Recently, the introduction of a new cluster supercomputer based on AI ASIC processor has raised the boundary of power transmission network to a level never imagined a few years ago. With the application of current level close to 100kA / ASIC cluster, it is necessary to innovate in power system architecture, topology, control system and packaging to supply such high current demand. Due to the continuous improvement of power level, it is very important to use 48V power bus for power transmission.

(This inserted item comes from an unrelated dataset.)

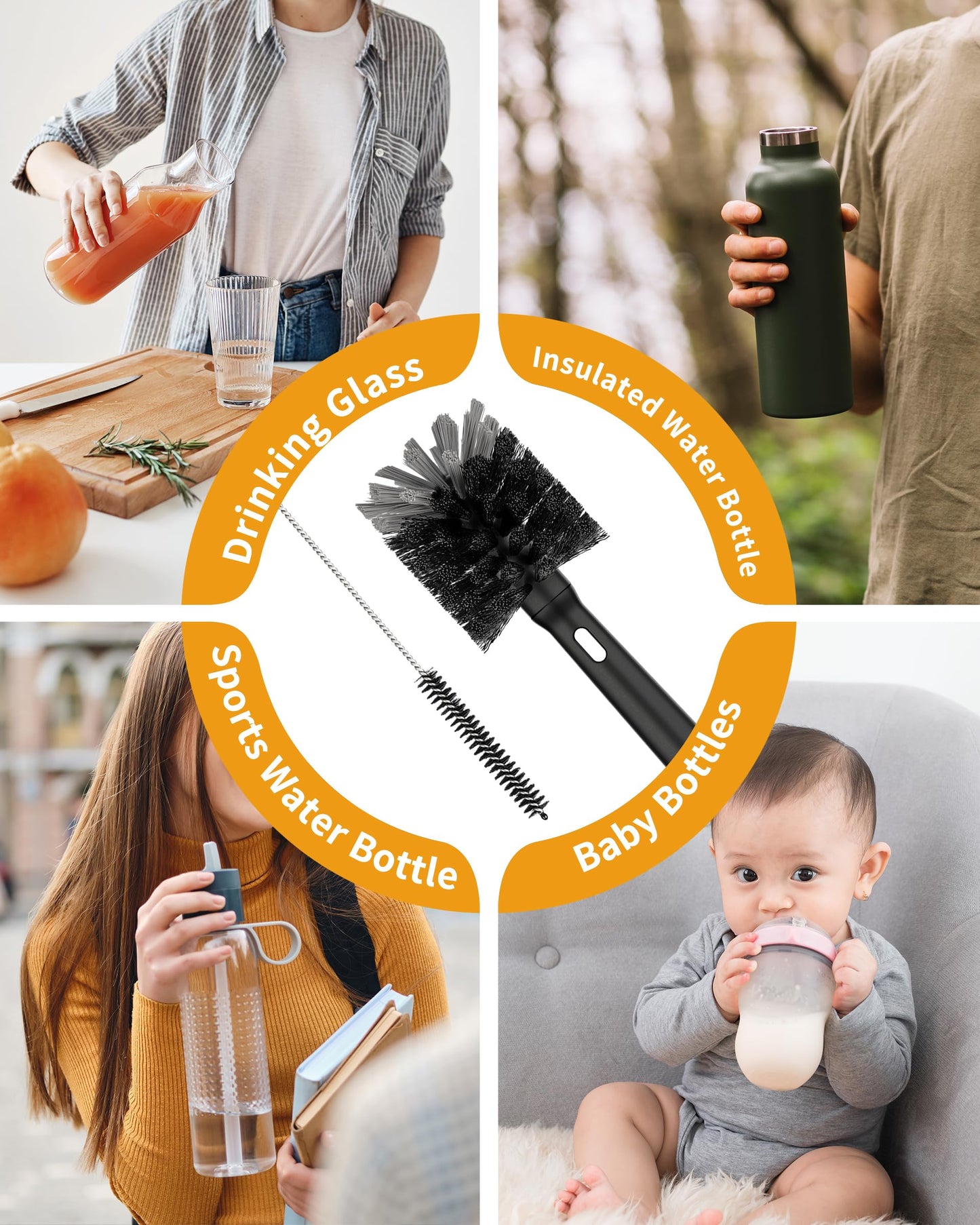 MR.SIGA Water Bottle Brush and Straw Cleaner Brush, Long Handle Bottle Cleaner Brush, 2 in 1 Bottle Cleaning Brush for Sports Bottles, Baby Bottles, Mugs, Straws, Black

In addition, the increasingly compact application of processor cluster limits the feasibility of placing the power scheme horizontally next to the processor, so a new power scheme is needed to solve the problem.
VICOR 48V direct to load (< 1V) split ratio architecture (FPA ™)  Unlike the common 48V intermediate bus architecture (IBA), IBA is traditionally composed of an intermediate bus converter and a polyphase POL regulator, while FPA uniquely solves every power transmission problem faced by the cluster processor system through innovative solutions. It also supports the way that the power source solutions are placed vertically on the corresponding surface of the processor, This vertical power transmission mode (VPD) is very important to provide high current to such cluster systems.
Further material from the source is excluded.